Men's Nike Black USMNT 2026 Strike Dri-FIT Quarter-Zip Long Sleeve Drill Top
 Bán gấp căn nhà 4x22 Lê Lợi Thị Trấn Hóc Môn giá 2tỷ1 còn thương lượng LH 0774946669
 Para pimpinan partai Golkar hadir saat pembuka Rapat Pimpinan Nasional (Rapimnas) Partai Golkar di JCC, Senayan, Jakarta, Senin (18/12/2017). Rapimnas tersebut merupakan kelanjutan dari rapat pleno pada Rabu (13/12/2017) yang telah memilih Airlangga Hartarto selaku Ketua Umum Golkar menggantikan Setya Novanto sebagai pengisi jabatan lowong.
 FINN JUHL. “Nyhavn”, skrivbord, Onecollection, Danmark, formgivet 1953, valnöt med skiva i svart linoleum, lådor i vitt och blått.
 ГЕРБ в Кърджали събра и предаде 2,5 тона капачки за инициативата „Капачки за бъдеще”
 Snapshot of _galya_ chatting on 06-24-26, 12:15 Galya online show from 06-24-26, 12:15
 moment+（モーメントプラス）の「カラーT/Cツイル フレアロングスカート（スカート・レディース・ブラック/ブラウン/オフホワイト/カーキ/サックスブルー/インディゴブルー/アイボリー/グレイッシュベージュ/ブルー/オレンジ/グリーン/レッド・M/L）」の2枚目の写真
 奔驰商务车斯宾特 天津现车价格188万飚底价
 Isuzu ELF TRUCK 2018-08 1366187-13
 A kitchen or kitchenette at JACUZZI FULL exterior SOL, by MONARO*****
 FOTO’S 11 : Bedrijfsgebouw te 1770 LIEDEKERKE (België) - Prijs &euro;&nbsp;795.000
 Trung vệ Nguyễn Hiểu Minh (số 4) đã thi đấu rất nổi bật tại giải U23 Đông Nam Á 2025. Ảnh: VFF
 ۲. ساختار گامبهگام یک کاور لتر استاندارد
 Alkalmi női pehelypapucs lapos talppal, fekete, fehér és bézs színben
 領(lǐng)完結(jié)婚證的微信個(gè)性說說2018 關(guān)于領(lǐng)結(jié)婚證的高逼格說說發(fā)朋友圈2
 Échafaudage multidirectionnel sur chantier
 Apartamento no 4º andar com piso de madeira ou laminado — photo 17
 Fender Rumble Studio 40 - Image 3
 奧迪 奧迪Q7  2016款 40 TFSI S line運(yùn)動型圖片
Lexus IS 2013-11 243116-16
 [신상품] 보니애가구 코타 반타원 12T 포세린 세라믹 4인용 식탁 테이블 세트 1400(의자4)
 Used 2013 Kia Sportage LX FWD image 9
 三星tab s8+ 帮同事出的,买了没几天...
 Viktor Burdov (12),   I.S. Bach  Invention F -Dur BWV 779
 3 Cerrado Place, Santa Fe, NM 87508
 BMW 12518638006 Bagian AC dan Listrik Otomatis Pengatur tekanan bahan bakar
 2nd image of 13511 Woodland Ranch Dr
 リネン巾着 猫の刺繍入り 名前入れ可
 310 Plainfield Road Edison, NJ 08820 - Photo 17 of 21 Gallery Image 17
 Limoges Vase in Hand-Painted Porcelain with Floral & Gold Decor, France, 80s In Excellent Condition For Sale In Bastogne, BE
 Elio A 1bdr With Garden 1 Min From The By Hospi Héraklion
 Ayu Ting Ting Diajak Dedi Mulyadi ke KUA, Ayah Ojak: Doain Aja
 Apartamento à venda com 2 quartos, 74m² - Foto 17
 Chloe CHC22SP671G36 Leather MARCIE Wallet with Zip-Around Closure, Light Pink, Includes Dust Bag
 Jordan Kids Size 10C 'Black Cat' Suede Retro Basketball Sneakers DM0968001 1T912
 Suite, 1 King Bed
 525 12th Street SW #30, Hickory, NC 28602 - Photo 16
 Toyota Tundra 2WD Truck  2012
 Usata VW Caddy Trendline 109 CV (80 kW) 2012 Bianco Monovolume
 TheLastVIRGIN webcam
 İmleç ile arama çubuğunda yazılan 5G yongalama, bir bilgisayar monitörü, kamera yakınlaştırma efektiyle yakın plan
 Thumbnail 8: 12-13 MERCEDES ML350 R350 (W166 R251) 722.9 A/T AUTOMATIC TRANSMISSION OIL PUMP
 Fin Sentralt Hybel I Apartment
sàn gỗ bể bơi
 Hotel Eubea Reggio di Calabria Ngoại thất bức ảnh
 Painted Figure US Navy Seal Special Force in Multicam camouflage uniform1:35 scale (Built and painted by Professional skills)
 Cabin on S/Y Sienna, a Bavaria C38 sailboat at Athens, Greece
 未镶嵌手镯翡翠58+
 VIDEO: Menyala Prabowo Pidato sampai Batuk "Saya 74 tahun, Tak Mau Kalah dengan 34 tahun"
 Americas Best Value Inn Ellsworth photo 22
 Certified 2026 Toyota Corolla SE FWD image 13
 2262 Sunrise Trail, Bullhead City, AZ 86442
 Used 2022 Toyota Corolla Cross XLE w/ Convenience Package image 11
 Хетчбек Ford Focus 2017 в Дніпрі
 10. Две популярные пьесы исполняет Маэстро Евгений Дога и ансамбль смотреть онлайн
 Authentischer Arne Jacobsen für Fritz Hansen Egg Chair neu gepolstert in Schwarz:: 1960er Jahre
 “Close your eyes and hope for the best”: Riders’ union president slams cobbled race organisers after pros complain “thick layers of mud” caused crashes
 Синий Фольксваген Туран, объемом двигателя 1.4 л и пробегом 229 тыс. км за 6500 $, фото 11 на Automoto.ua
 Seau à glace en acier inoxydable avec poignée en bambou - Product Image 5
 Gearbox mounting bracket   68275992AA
---*---
◆ **How to complete this task**: Only the stretch of lines that begins with the one holding "Seau à glace" and ends with the last line above belongs in the answer; please write it out exactly.

◆ **Answer section**:
 Seau à glace en acier inoxydable avec poignée en bambou - Product Image 5
 Gearbox mounting bracket   68275992AA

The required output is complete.